I just got back from the annual Urban Watershed Sustainability Leadership Conference in Cincinnati, hosted by the U.S. Water Alliance.  The major theme was green infrastructure – things like roadside plantings, green roofs, and porous pavement that mimic the way nature handles rainwater – and it was inspiring to hear on-the-ground stories from so many cities making major investments in this smarter solution to chronic sewage overflows.  All of the speakers were genuinely excited about challenging themselves, as well as their colleagues in both the public and private sector, to fundamentally re-think the way they manage water in the urban environment. 

From Cleveland’s focus on re-purposing vacant lands, to Syracuse’s Save the Rain campaign, to Kansas City’s completion this year of about 150 green infrastructure projects in a single neighborhood, the conference highlighted communities that are “thinking outside the pipes”* to manage urban runoff in ways that help create healthier, more livable communities.

While the conference was chock full of engineers and municipal officials, rather than attorneys like me – presenters felt perfectly free to throw in a lawyer joke every now and then – it was clear to everyone there that the Clean Water Act is the most important driver behind these green infrastructure initiatives.  As in previous years of the conference, the featured cities’ efforts are directed specifically towards meeting Clean Water Act compliance schedules they have negotiated with state or federal regulatory agencies.  The provisions of that landmark federal law, which turns 40 years old today, have focused the energies and talents of conference attendees, as nothing else can, on keeping raw sewage from our urban waterways.

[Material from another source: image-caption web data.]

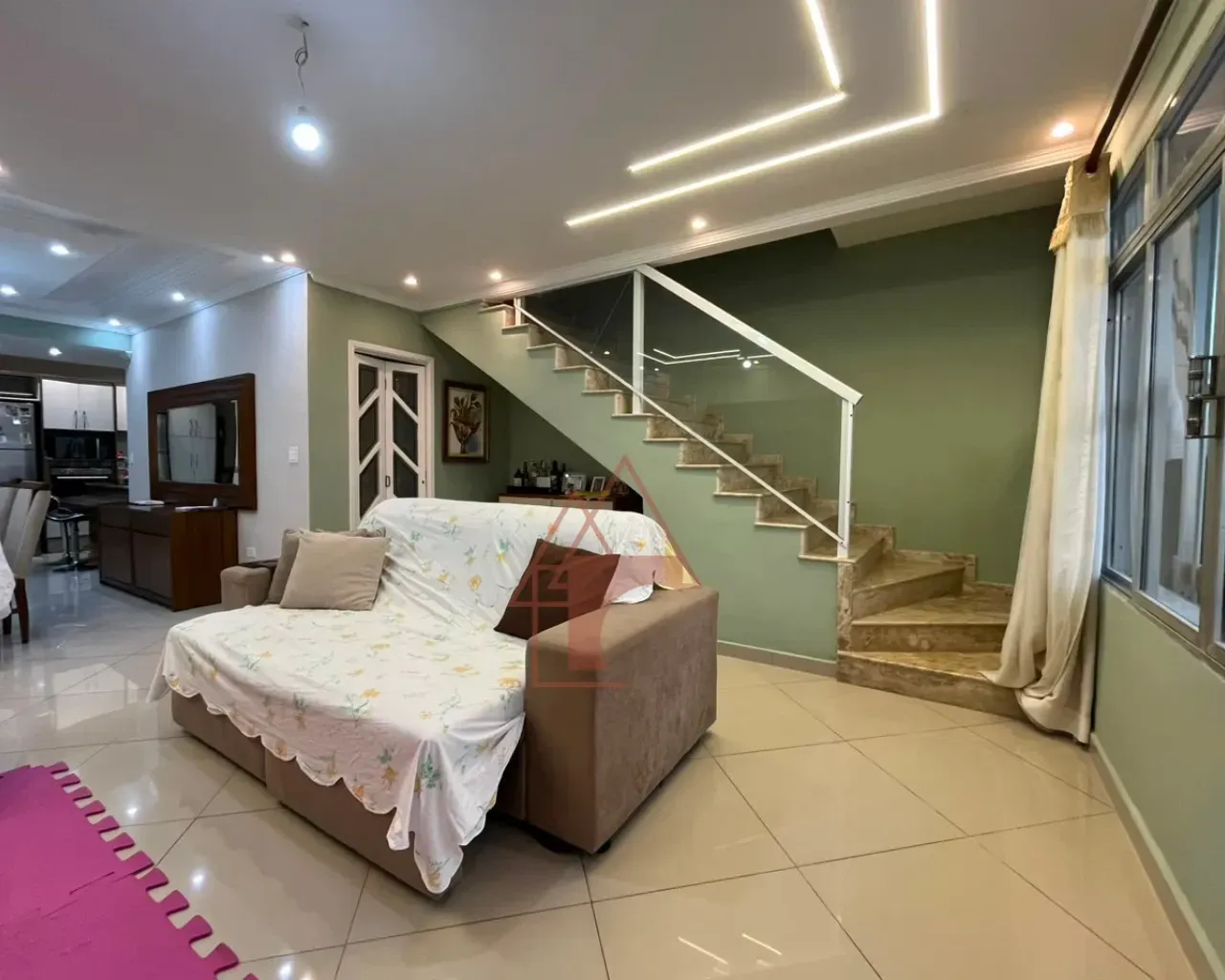 Imagem Casa de Condomínio com 3 Quartos à Venda, 128 m² em Jardim Casqueiro - Cubatão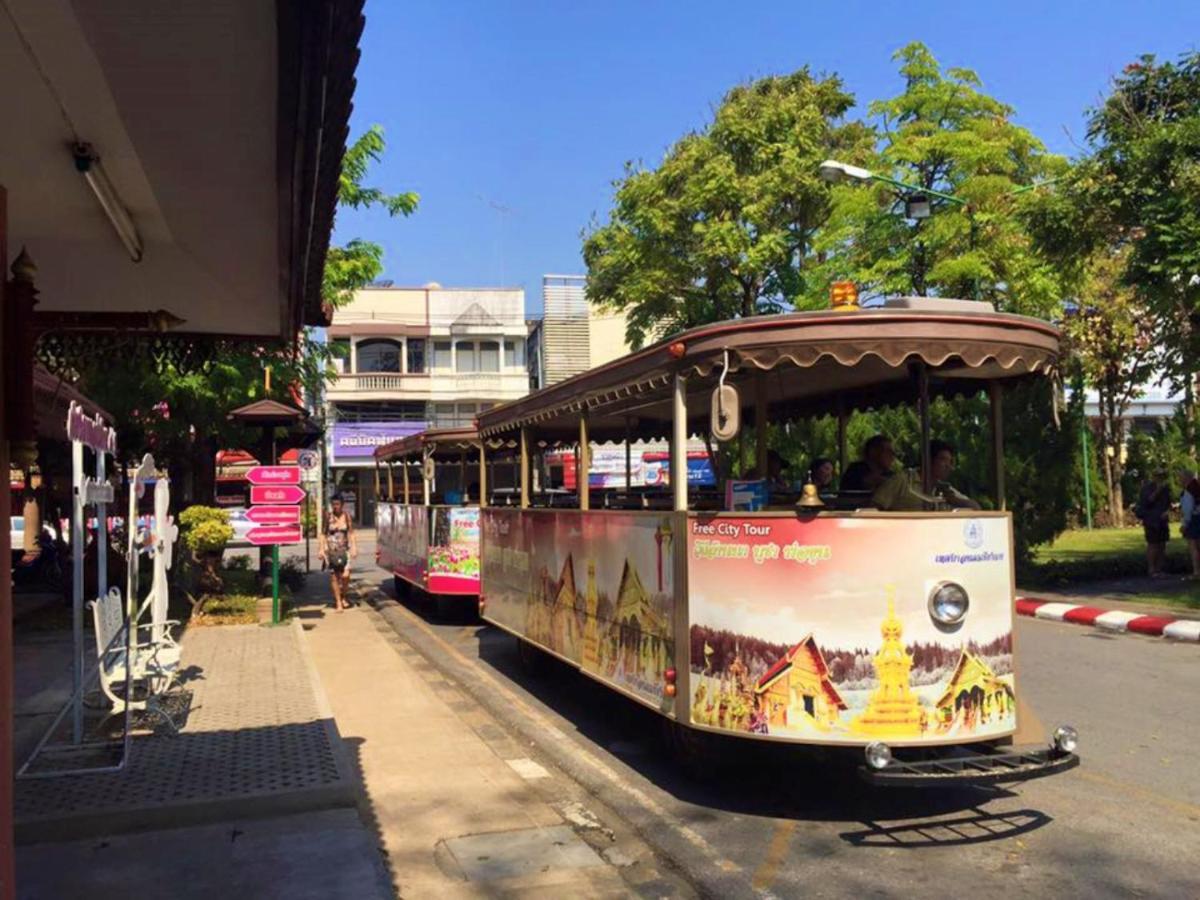 Fun-D Hostel Chiang Rai Ngoại thất bức ảnh
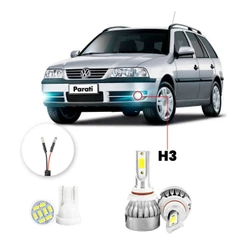 Lampada Farol Milha Led Volkswagen Parati 2000/2002 20000lm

So even as we work to defend the Clean Water Act from those who would gut its core provisions, fight to restore protections eroded by misguided Supreme Court decisions, and push EPA to update regulations to reflect today’s best science, let’s also make sure today to celebrate the past successes of the Clean Water Act and look ahead to future successes that are taking shape now in cities across the nation.

*Credit goes to Nancy Stoner, EPA’s Acting Assistant Administrator for Water, for that catchy phrase she used in her remarks at the conference.  (Catchy to all of us stormwater geeks, at any rate!)